Here is the data list
##### Step 1: put data into a list
mixList <- list(N = nrow(df),
nSubj = nlevels(df$id),
nGroup = nlevels(df$group),
nCond = nlevels(df$condition),
nGxC = nlevels(df$group)*nlevels(df$condition),
sIndex = as.integer(df$id),
gIndex = as.integer(df$group),
cIndex = as.integer(df$condition),
score = df$score)
Now to build the model in rstan, saving the string as a .stan file using the cat() function
###### Step 2: build model
cat("
data{
int<lower=1> N;
int<lower=1> nSubj;
int<lower=1> nGroup;
int<lower=1> nCond;
int<lower=1,upper=nSubj> sIndex[N];
int<lower=1,upper=nGroup> gIndex[N];
int<lower=1,upper=nCond> cIndex[N];
real score[N];
}
parameters{
real a0;
vector[nGroup] bGroup;
vector[nCond] bCond;
vector[nSubj] bSubj;
matrix[nGroup,nCond] bGxC;
real<lower=0> sigma_s;
real<lower=0> sigma_g;
real<lower=0> sigma_c;
real<lower=0> sigma_gc;
real<lower=0> sigma;
}
model{
vector[N] mu;
bCond ~ normal(100, sigma_c);
bGroup ~ normal(100, sigma_g);
bSubj ~ normal(0, sigma_s);
sigma ~ cauchy(0,2)T[0,];
for (i in 1:N){
mu[i] = a0 + bGroup[gIndex[i]] + bCond[cIndex[i]] + bSubj[sIndex[i]] + bGxC[gIndex[i],cIndex[i]];
}
score ~ normal(mu, sigma);
}
", file = "mix.stan")
Next is to generate the chains in rstan
##### Step 3: generate the chains
mix <- stan(file = "mix.stan",
data = mixList,
iter = 2e3,
warmup = 1e3,
cores = 1,
chains = 1)
Now let’s take a look a what we have
###### Step 4: Diagnostics
print(mix, pars = c("a0", "bGroup", "bCond", "bGxC", "sigma"), probs = c(.025,.975))

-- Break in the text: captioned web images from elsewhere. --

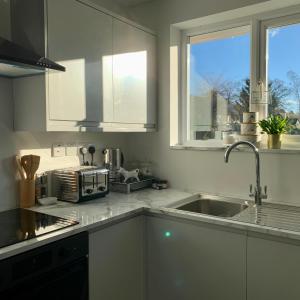 Lovely two bedroom Annexe close to Newbury的厨房配有白色橱柜、水槽和窗户。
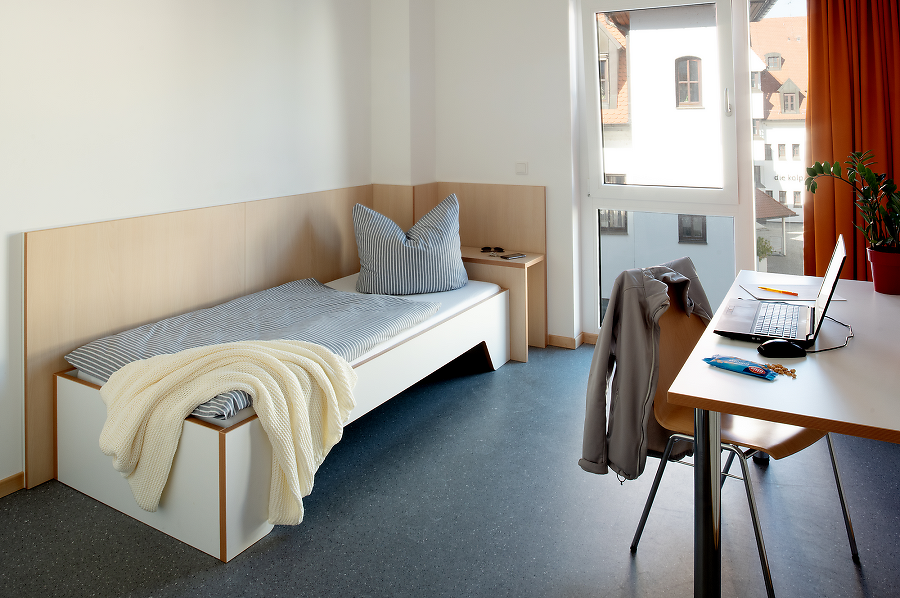 Modernes Einzelzimmer mit Bett, Schreibtisch, Laptop und Fenster mit Blick nach draußen.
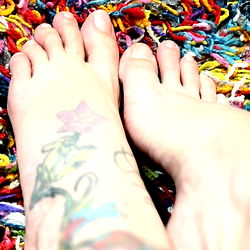 Beautifully Tattooed Feet Against a Multicolored Carpet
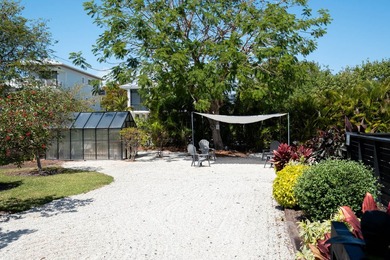 Beautifully remodeled 1998 concrete home is situated on a - photo 11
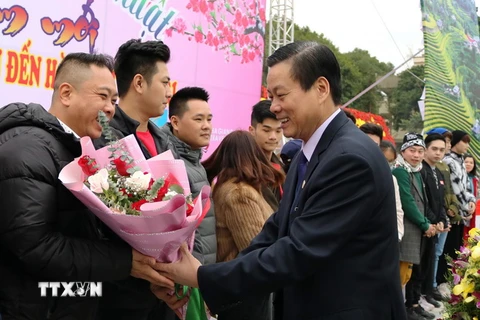 Chủ tịch UBND tỉnh Hà Giang Nguyễn Văn Sơn tặng hoa cho những du khách đầu tiên “xông đất” du lịch Hà Giang năm 2021. (Ảnh: TTXVN phát)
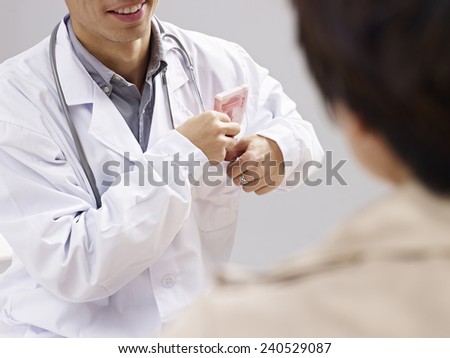 asian doctor putting kickback money in pocket.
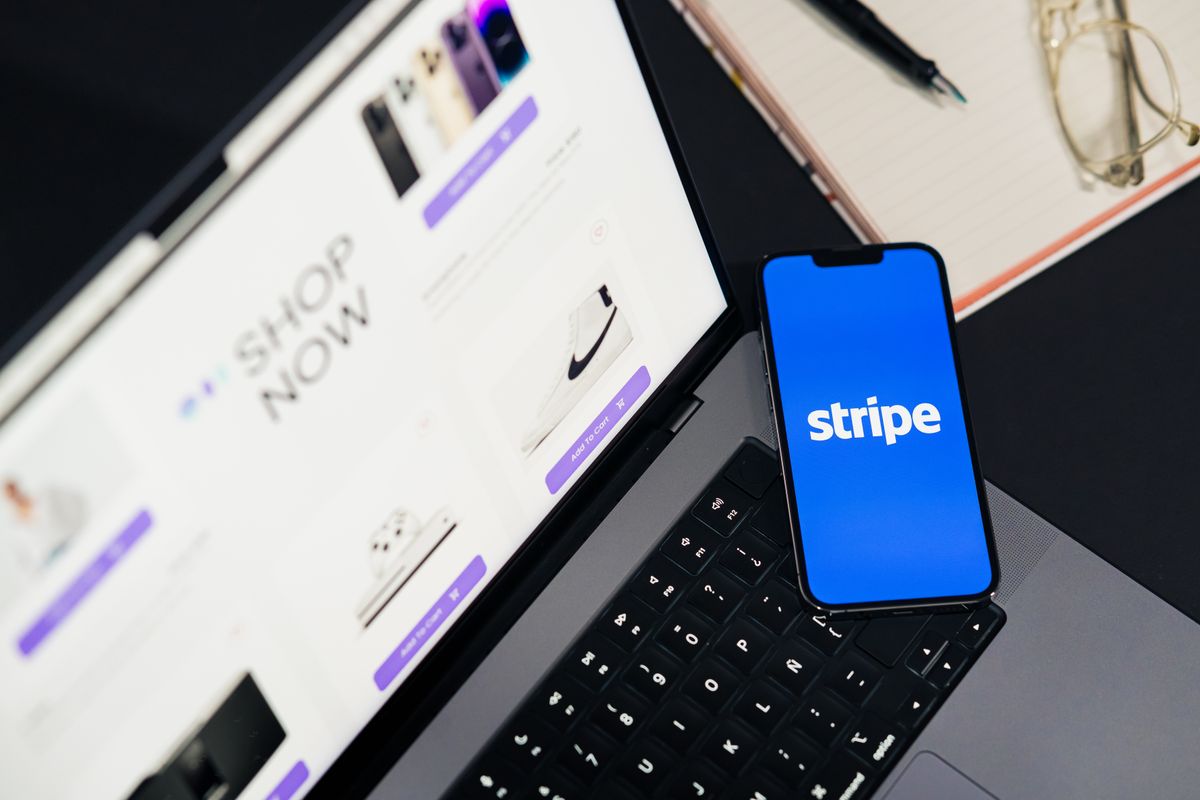 NestJS Stripe webhook handling flow — smartphone displaying Stripe app on a laptop with eCommerce site open, symbolizing payment processing integration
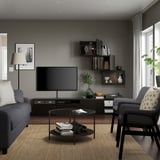 Salon moderne avec murs gris, canapé bleu, fauteuil gris, table basse, télévision, étagères, lampe et grande fenêtre.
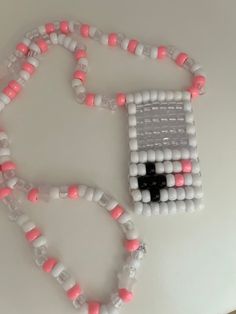 a bead necklace made to look like an object with pink and white beads on it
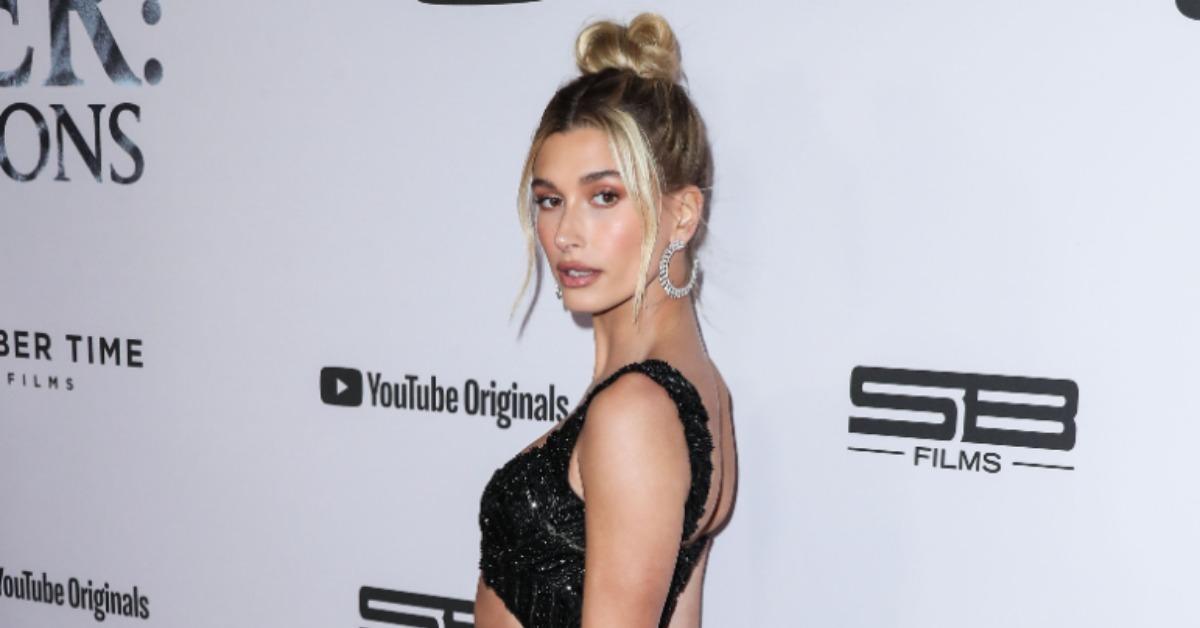 Hailey Bieber poses sensually in orange Balenciaga sweatsuit for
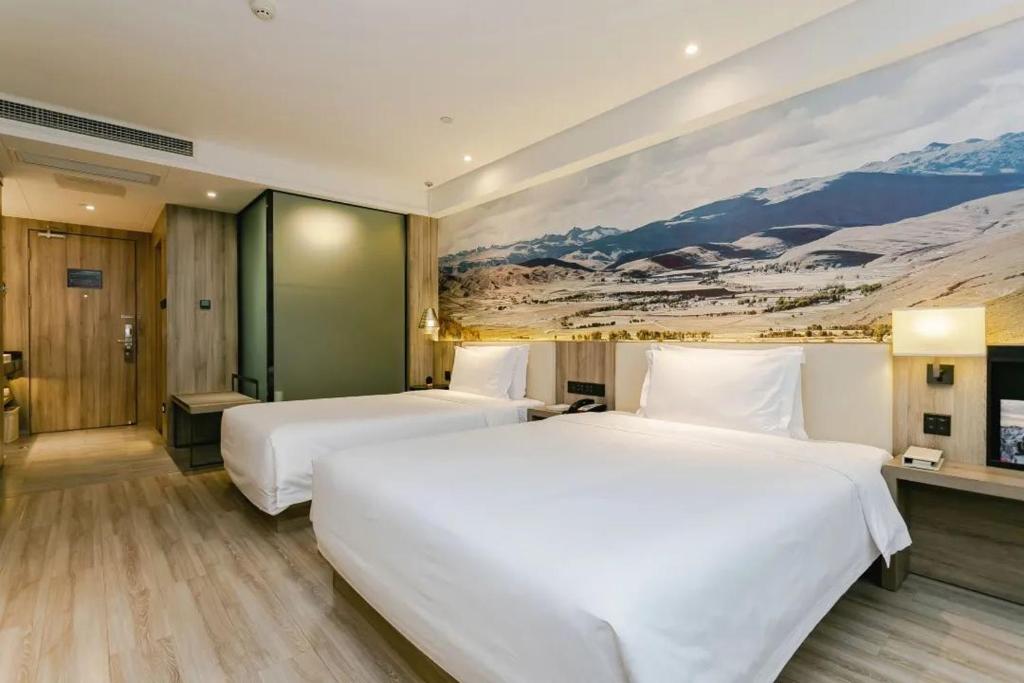 Postel nebo postele na pokoji v ubytování Atour Hotel Chengdu Shuangliu International Airport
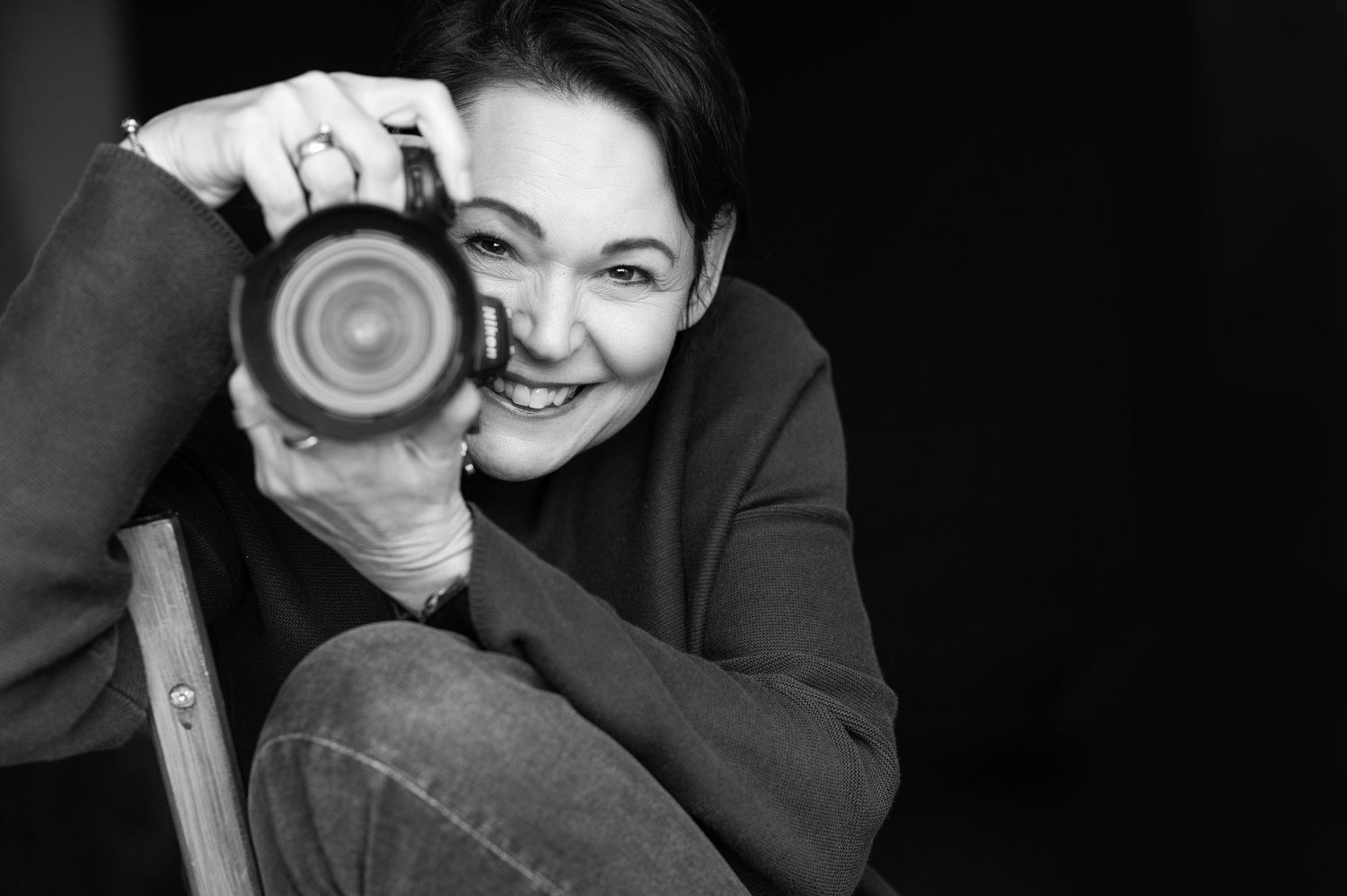 Fotografin in schwarz/weiß mit Kamera in der Hand., seitlicher Blick zur Kamera- authentisches, professionelles Portrait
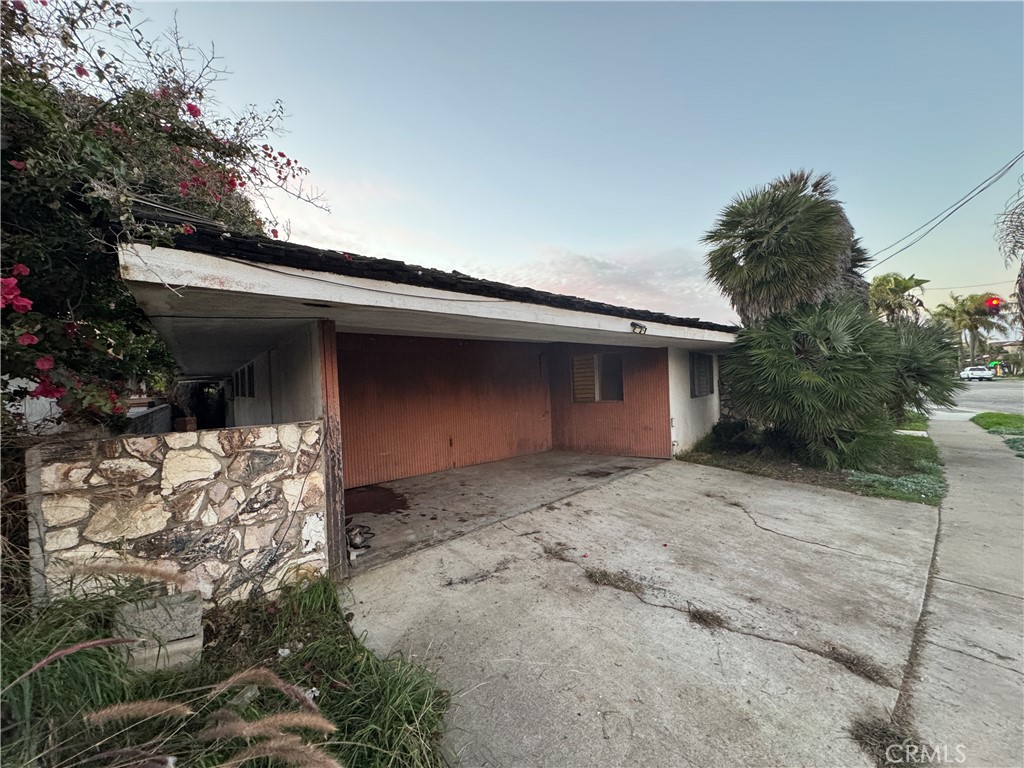 16591 Channel Huntington Beach, CA 92649 - Photo 6 of 11 a house with a tree in front of it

# mean se_mean sd 2.5% 97.5% n_eff Rhat
# a0 -1917.21 776.69 2222.64 -5305.69 1918.58 8 1.02
# bGroup[1] 2368.36 2083.48 3819.06 -2784.04 9680.78 3 1.54
# bGroup[2] 7994.87 446.06 1506.31 4511.22 10611.46 11 1.00
# bGroup[3] 7020.78 2464.68 4376.83 81.18 14699.90 3 1.91
# bCond[1] -3887.06 906.99 1883.45 -7681.24 -247.48 4 1.60
# bCond[2] 4588.50 676.28 1941.92 -594.56 7266.09 8 1.10
# bCond[3] 73.91 1970.28 3584.74 -5386.96 5585.99 3 2.13
# bGxC[1,1] 3544.02 799.91 1819.18 -1067.27 6327.68 5 1.26
# bGxC[1,2] -4960.08 1942.57 3137.33 -10078.84 317.07 3 2.66
# bGxC[1,3] -396.35 418.34 1276.44 -2865.39 2543.45 9 1.42
# bGxC[2,1] -2085.90 1231.36 2439.58 -5769.81 3689.38 4 1.46
# bGxC[2,2] -10594.89 1206.58 2560.42 -14767.50 -5074.33 5 1.02
# bGxC[2,3] -6024.75 2417.43 4407.09 -12002.87 4651.14 3 1.71
# bGxC[3,1] -1111.81 1273.66 2853.08 -4843.38 5572.87 5 1.48
# bGxC[3,2] -9616.85 2314.56 4020.02 -15775.40 -4262.64 3 2.98
# bGxC[3,3] -5054.27 828.77 2245.68 -8666.01 -321.74 7 1.00
# sigma 13.81 0.14 0.74 12.36 15.17 27 1.00
The low number of effective samples and high Rhats tell me I am doing something terribly wrong here, but what? Is it not specifying a prior on bGxC? How does one specify a prior on a matrix?